There’s a lot of misunderstanding around the brilliant and unfortunate term DevOps. This article aims to expose a story that made a company build the DevOps culture to its roots.
First, there were the silos
I remember the days when companies had some silos that were part of a software delivery chain. Some key participants in this story:
- Developers: The guys building the software, complaining it’s too slow to get it into production
- Jenkins masters: The guys configuring Jenkins, complaining about inconsistent structures
- Funcional Testers: The guys testing the software, complaining it does not work and red builds at 6pm
- Performance Testers: The guys stressing the software, complaining it is too slow
- Sysadmins: The guys deploying the software, without really knowing what is it about, complaining about brainless work
If we look at the above scenario, everything is broken in so many ways. The proof is that everyone is complaining about something, and nobody really understands the other’s complains. There’s one key participant missing from above, actually the most important one:
- Customer: The guy actually paying every other participant, complaining about not being able to use the software.
We see where this goes right?
Then the company is about to shutdown, and everyone blames everyone else, apart from the customer, which neither does not know or/and does not care about the company structure.
The customer blames the company, as a whole, and the reason behind it is because the company didn’t know how to work as a whole. The real problem was the company’s mindset around that delivery process. Ironic, isn’t it?
My own DevOps story
Fortunately, I had the honour to work for a company that really nailed this problem, and we watched the raise of the DevOps culture in the first person. It took a while, but it really paid our invested efforts.
A special thanks to everyone that made this possible, for keeping and open mind for this improvement to happen.
Timeline: 0 (The realization)
Downtime is money!
- Just joined the company as a developer.
- Development teams perform commits and deployments to development environments by running Chef Client command in each box.
- Infrastructure team perform deployments to live environment using Func or Ansible commands.
- SRE team perform performance tests in a separate environment.
- Integration tests take 10 hours to complete, and some randomly fail, nobody really knows why. Before each deployment, those failing tests are run again manually and they will eventually pass, making sure everything is fine.
- The whole deployment process with tests takes about 2 days.
- Some bad downtimes happen, downtime means company not making profit.
- Me thinking: Not that bad, putting into perspective, at least we have configuration management.
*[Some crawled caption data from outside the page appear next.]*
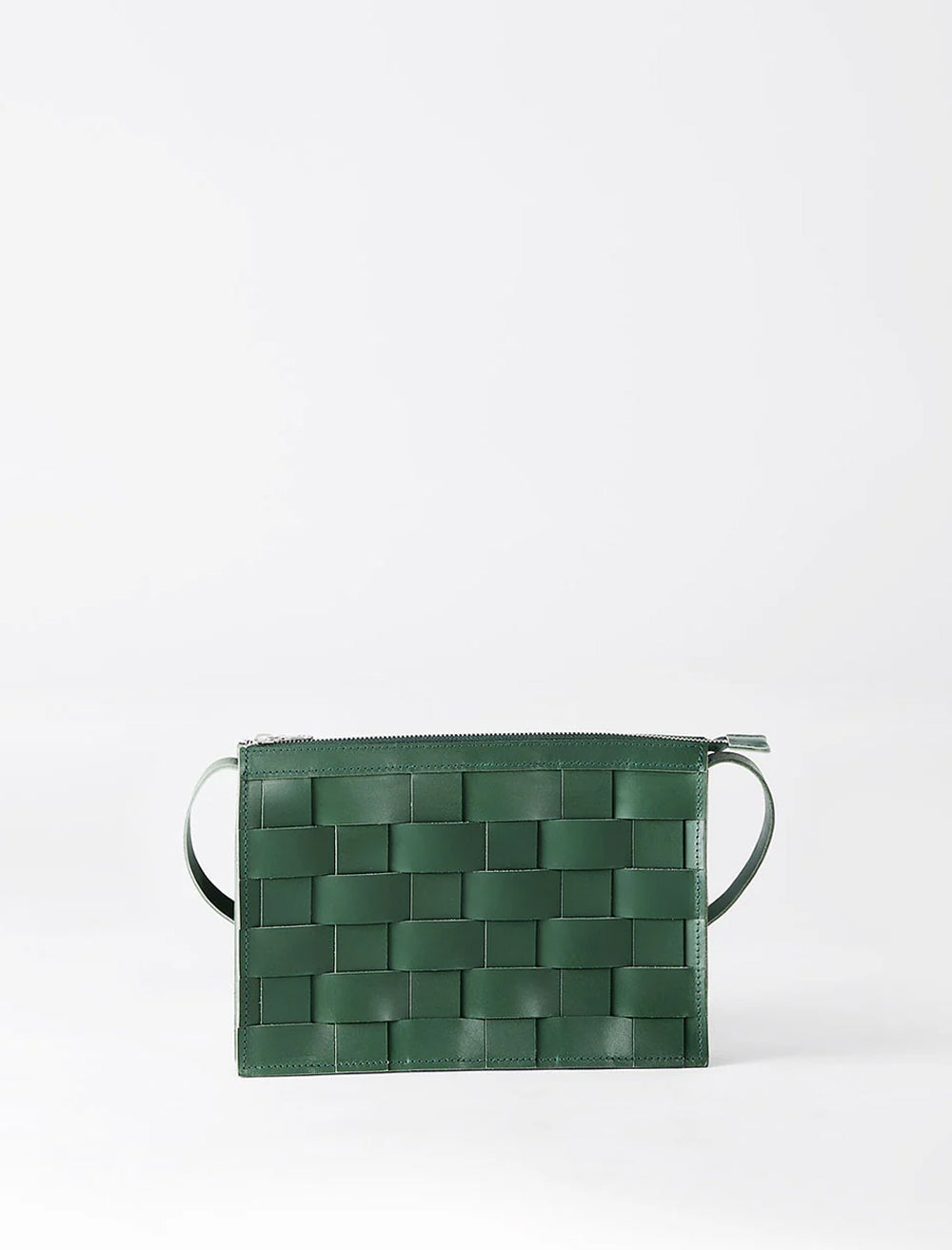 NÄVER LITEN AXELREMSVÄSKA - Grön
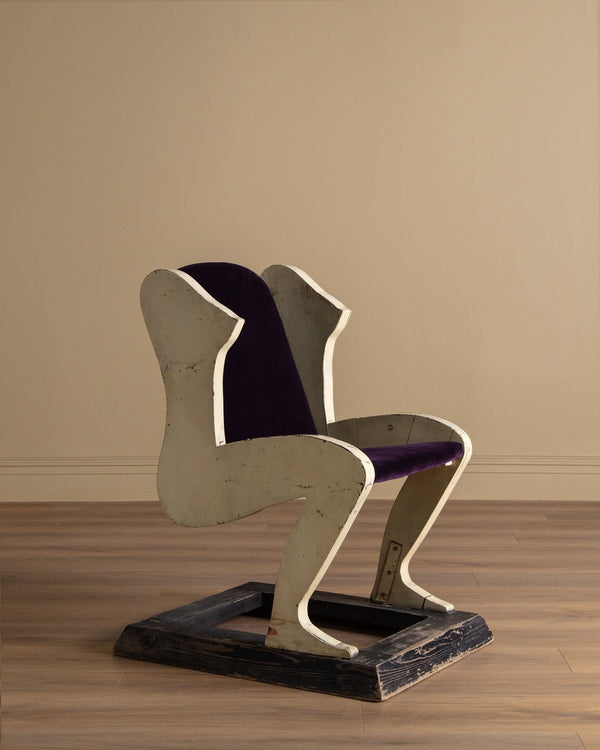 French Art Brut Figural Chair, 1950's - Lone Fox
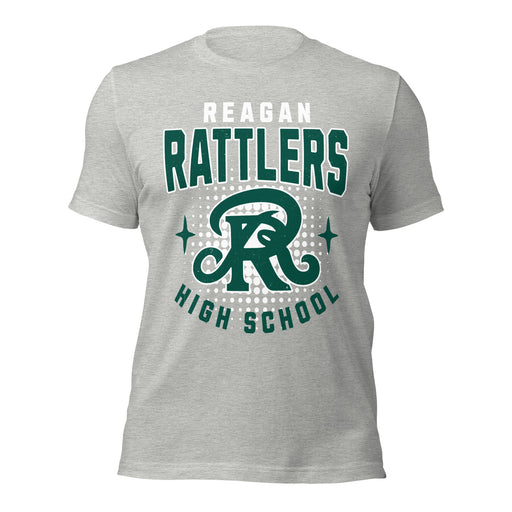 Reagan High School Rattlers Grey Premium Unisex T-shirt 204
Not great either.
Timeline: 3 months (Breaking the wall between development and operations)
- I asked someone of the infrastructure team: Can I help you with the live deployment?
- I got the reply: I can certainly teach you how to do it, but this first time you’ll just watch.
- I was lucky that the infrastructure team was mature enough to understand I was trying to improve the process, not stealing their jobs.
- Ok, we got some top notch operations fellows capable of understanding the value of coaching and continuous improvement.
Timeline: 4 months (Build the fence of trust)
Trust takes a lot of time to build, and no time to destroy.
- Being the Goat!
- I’m bridging the communication between my developer co-workers and the infrastructure team.
- I got the whole process documented in Confluence.
- We now just have to copy-paste some Ansible commands from there to perform the deployment of the most critical system and most legacy in the company (old-school manual canary release).
- I now have access to perform literally anything in the live environment.
Timeline: 6 months (Increase the fence of trust)
- I was finally able to get more people onboard in this mission of improving the deployment process and get them the necessary privileges to make software go live.
- Everyone in that group is able to copy-paste some ansible commands and prove they work.
- Another team member looked into the randomly failing automated tests and created a task force to fix them.
- Another team member engaged with the SRE team to help improving the performance tests process.
Timeline: 12 months (Gathering feedback)
- The integration tests are being a good fight… you know… infamous legacy code noone really knows about.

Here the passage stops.